** INFORMATION SUPPLIED follows **
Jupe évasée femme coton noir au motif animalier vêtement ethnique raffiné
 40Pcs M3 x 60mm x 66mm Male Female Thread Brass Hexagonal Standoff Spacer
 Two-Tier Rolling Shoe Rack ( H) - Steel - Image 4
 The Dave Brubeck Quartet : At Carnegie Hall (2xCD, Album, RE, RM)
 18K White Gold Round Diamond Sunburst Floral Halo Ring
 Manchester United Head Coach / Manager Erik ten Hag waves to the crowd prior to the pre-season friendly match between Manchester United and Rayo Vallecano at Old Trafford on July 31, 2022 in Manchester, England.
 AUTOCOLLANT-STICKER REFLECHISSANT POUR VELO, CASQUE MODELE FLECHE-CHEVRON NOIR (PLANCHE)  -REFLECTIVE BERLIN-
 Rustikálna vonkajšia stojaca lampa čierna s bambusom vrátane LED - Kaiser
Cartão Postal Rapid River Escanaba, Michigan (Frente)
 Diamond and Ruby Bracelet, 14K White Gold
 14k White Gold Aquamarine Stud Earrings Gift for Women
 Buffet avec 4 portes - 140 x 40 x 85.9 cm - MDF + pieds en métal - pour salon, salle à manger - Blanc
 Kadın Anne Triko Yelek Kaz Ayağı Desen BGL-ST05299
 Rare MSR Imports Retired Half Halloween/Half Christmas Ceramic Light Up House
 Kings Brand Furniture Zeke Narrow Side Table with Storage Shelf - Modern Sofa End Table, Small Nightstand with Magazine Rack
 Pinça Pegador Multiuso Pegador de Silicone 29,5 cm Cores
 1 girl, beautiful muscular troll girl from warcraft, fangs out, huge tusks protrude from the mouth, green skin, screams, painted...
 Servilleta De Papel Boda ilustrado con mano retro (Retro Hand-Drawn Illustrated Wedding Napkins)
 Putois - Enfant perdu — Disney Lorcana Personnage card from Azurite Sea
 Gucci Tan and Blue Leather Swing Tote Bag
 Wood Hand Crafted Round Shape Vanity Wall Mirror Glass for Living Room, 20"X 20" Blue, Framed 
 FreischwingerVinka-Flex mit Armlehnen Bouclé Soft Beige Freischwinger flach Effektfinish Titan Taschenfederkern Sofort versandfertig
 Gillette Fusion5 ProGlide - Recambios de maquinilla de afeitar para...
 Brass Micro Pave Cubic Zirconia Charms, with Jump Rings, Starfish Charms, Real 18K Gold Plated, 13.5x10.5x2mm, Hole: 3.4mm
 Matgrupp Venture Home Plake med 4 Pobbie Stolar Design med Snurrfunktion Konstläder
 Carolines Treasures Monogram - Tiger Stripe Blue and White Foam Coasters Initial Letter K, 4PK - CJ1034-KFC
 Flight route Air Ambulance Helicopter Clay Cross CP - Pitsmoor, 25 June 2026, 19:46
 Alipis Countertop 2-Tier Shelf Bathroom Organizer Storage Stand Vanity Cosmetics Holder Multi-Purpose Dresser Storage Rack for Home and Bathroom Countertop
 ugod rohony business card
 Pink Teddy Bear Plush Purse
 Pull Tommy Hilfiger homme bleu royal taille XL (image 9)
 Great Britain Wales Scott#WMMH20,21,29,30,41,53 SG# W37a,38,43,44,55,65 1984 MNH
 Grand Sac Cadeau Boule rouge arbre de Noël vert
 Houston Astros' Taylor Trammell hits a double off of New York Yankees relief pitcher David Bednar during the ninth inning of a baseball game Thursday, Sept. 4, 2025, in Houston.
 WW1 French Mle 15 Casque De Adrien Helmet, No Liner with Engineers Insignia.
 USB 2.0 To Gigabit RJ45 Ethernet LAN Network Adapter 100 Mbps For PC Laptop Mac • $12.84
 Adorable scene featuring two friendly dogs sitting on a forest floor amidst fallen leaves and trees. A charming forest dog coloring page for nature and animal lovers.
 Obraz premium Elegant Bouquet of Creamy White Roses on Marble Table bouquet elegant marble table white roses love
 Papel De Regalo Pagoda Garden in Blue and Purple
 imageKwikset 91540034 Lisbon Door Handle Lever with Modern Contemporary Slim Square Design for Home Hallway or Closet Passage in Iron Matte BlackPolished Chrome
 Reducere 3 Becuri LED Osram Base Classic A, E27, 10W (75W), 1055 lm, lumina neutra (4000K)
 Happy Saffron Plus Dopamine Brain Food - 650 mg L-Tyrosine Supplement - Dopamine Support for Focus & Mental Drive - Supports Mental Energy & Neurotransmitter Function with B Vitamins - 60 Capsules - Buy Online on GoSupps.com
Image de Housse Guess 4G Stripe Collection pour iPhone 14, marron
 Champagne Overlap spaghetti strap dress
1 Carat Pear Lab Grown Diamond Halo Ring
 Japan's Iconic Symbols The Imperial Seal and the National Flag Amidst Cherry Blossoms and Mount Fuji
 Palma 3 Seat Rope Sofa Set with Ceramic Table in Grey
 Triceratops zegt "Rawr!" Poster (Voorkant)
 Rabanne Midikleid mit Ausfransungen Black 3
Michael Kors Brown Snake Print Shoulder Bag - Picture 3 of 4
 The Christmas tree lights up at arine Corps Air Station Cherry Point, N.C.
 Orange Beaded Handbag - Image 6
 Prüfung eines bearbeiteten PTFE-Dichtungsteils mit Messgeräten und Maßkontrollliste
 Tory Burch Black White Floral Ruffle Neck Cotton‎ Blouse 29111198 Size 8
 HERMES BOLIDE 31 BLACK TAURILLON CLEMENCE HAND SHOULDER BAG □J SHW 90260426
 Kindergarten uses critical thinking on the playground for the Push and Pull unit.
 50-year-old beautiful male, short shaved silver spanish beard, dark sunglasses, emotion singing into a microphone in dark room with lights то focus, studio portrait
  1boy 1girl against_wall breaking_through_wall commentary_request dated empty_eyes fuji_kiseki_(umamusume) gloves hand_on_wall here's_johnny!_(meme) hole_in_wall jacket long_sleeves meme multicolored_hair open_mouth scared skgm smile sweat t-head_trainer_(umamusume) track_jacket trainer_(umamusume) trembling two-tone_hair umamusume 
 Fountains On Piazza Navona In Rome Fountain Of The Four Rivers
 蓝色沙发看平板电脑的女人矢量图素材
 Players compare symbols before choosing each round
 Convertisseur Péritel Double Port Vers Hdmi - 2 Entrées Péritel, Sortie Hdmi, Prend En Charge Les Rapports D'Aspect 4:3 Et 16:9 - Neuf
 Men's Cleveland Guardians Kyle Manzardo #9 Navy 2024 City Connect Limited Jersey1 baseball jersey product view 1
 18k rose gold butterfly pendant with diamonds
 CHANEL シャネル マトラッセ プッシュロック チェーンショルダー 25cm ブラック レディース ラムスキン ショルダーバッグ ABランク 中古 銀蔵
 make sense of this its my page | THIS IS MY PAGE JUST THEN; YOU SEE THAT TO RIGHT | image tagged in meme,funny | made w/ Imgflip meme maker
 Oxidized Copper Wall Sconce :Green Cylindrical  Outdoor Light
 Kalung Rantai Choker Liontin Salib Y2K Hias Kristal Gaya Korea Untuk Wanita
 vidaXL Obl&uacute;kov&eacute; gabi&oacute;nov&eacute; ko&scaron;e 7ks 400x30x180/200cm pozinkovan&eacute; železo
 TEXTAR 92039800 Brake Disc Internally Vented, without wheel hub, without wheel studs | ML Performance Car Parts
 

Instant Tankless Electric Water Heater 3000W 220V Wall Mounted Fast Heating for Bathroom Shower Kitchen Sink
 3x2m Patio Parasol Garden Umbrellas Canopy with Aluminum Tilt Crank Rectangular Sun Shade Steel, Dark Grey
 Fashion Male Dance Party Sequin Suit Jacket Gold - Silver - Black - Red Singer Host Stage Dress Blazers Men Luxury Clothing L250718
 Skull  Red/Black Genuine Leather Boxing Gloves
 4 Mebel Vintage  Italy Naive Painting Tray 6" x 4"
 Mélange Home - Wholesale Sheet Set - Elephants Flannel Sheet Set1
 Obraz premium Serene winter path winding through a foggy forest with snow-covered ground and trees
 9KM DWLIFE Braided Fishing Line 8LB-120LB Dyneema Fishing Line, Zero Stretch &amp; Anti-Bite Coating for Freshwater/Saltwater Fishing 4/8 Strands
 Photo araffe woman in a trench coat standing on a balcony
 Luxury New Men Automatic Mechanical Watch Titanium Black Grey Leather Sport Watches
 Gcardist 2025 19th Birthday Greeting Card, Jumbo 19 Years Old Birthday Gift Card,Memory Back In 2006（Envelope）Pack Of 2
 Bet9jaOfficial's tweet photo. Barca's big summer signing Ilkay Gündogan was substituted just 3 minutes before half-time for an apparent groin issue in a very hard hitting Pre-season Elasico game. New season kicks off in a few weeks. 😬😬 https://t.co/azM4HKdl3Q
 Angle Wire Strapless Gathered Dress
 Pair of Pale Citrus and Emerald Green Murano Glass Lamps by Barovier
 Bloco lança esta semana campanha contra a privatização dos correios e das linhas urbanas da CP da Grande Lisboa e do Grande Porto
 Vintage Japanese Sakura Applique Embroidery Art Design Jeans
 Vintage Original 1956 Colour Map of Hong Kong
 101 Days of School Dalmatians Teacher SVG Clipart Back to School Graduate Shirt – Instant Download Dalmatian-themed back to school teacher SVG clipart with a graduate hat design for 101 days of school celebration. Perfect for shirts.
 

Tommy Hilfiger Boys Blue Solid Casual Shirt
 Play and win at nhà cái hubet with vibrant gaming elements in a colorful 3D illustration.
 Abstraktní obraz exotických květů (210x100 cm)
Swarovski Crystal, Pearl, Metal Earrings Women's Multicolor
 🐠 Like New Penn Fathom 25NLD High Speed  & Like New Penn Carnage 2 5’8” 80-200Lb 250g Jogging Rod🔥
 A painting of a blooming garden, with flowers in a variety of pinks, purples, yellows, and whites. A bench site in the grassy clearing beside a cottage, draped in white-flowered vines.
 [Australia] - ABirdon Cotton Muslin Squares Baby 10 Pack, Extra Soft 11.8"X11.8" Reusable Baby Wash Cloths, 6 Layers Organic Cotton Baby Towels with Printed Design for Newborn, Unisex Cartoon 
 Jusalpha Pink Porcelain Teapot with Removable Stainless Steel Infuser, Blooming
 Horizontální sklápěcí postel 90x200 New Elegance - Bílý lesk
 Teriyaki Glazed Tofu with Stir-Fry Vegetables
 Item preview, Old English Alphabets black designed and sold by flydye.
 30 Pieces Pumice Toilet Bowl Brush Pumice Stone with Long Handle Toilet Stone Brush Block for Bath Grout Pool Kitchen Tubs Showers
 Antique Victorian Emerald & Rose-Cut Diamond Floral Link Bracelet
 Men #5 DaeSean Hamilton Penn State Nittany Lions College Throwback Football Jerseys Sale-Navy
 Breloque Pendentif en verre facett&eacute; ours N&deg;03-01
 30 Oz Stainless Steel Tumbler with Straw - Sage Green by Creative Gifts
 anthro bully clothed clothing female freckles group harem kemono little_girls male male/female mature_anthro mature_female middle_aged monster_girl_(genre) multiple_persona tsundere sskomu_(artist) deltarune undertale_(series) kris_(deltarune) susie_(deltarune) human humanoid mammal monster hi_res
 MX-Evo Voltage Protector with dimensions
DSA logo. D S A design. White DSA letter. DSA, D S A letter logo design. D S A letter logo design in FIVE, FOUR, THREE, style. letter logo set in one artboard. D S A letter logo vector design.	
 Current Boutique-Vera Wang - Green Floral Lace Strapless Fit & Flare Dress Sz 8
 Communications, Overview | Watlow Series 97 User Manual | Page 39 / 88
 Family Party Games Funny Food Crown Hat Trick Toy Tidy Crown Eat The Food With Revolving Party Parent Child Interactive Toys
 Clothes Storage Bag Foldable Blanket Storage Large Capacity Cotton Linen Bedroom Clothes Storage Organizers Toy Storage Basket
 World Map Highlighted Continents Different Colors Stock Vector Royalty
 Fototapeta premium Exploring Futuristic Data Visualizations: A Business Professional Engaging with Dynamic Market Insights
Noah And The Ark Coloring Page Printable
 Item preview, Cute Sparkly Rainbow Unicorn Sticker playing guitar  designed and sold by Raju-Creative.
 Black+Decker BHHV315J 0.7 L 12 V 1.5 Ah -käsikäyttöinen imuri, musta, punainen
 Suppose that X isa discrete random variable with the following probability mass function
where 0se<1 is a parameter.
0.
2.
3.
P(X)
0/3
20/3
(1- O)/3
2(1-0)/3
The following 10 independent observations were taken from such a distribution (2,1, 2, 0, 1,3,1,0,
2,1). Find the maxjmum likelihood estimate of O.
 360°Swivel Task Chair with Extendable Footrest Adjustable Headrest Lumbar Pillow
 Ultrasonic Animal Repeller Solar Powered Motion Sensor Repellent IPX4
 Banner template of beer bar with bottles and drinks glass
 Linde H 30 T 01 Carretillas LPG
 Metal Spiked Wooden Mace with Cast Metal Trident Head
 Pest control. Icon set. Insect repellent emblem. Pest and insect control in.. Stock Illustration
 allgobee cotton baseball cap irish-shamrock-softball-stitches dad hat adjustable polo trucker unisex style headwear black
** End of INFORMATION SUPPLIED **
| DESCRIPTION OF THE TASK |
Whenever a line above contains "trees", copy that line.

| COMPLETED TASK |
 Adorable scene featuring two friendly dogs sitting on a forest floor amidst fallen leaves and trees. A charming forest dog coloring page for nature and animal lovers.
 Obraz premium Serene winter path winding through a foggy forest with snow-covered ground and trees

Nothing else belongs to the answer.